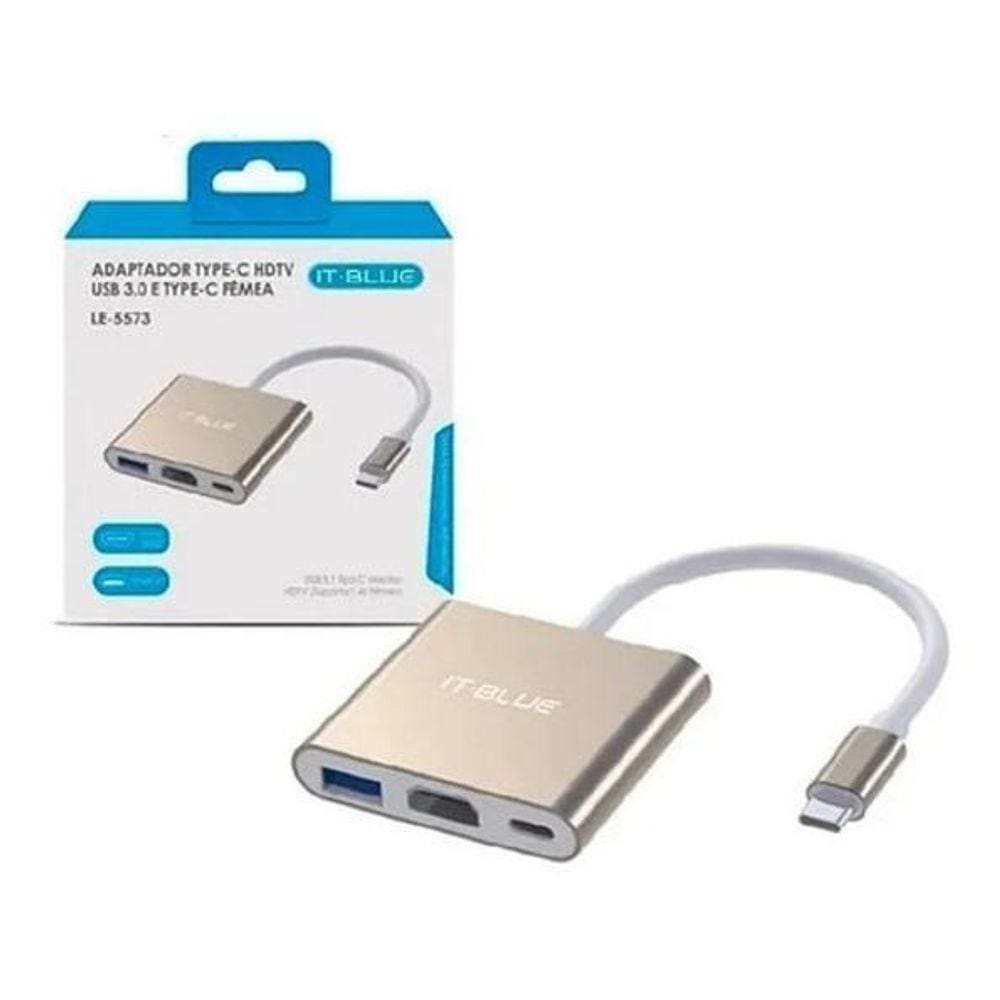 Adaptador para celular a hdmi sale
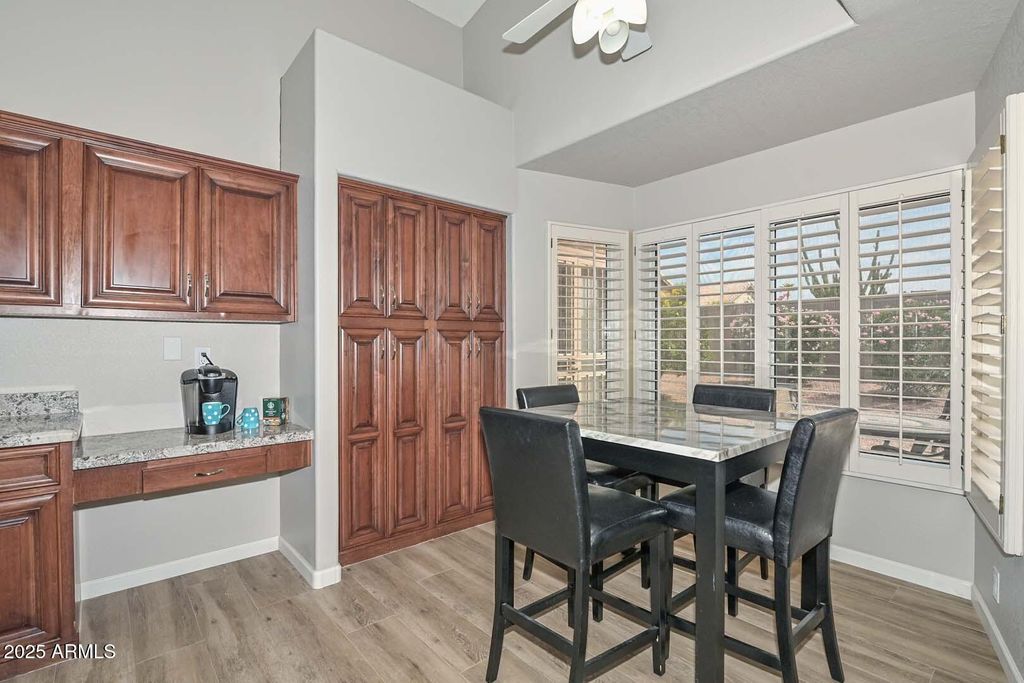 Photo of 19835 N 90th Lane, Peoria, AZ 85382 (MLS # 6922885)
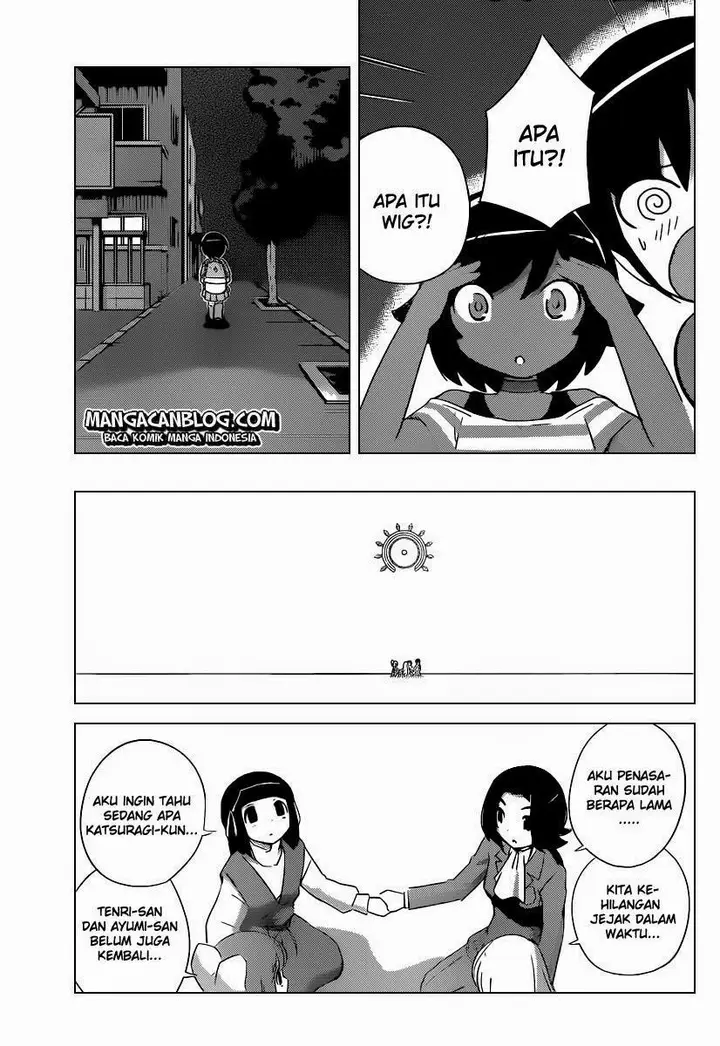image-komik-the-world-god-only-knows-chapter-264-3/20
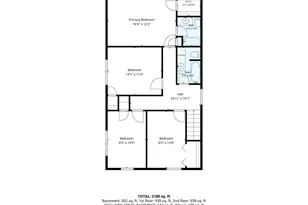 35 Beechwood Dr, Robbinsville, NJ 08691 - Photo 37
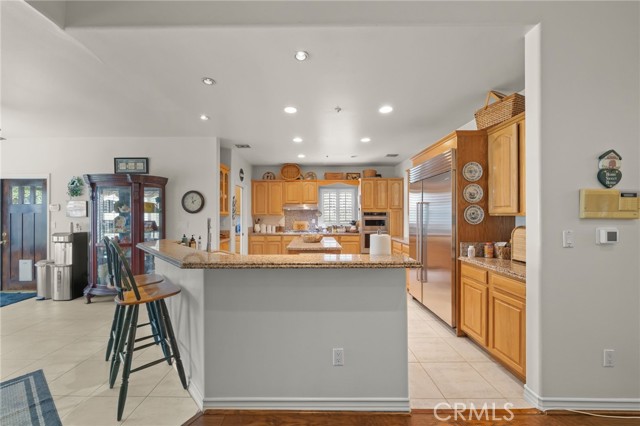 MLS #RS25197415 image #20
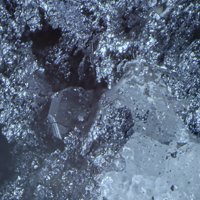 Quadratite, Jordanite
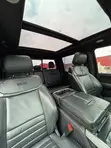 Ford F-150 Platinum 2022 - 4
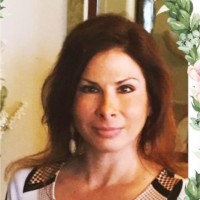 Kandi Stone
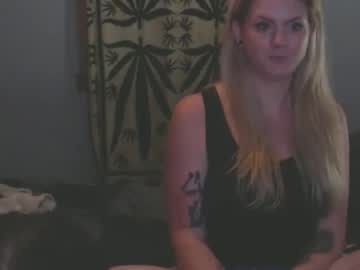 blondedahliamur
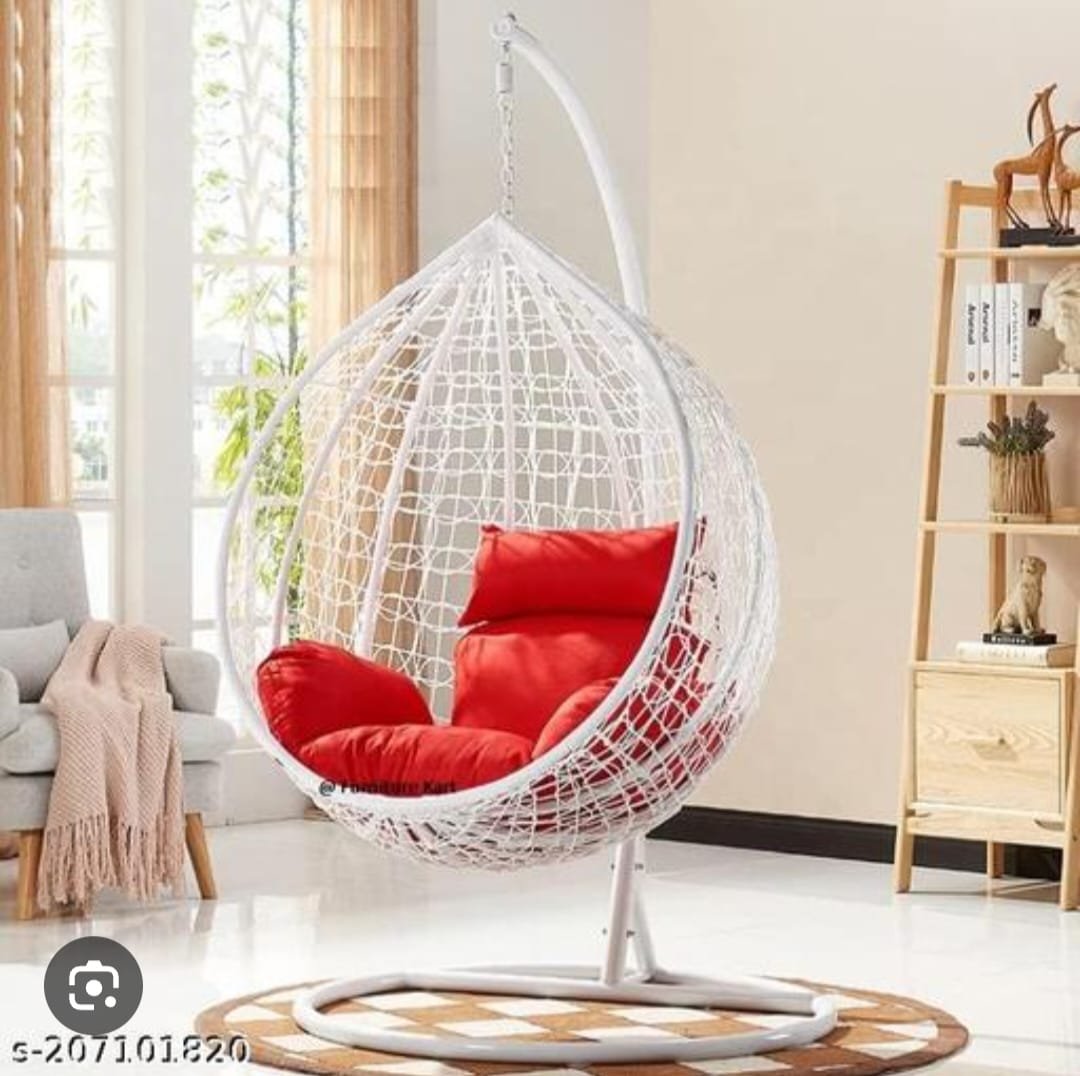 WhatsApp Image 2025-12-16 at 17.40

※ ※ ※

Would you please output only the lines from the start of the material above up to and including the line with "Quadratite, Jordanite", exactly as they appear and without pictures?

 Adaptador para celular a hdmi sale
 Photo of 19835 N 90th Lane, Peoria, AZ 85382 (MLS # 6922885)
image-komik-the-world-god-only-knows-chapter-264-3/20
 35 Beechwood Dr, Robbinsville, NJ 08691 - Photo 37
 MLS #RS25197415 image #20
 Quadratite, Jordanite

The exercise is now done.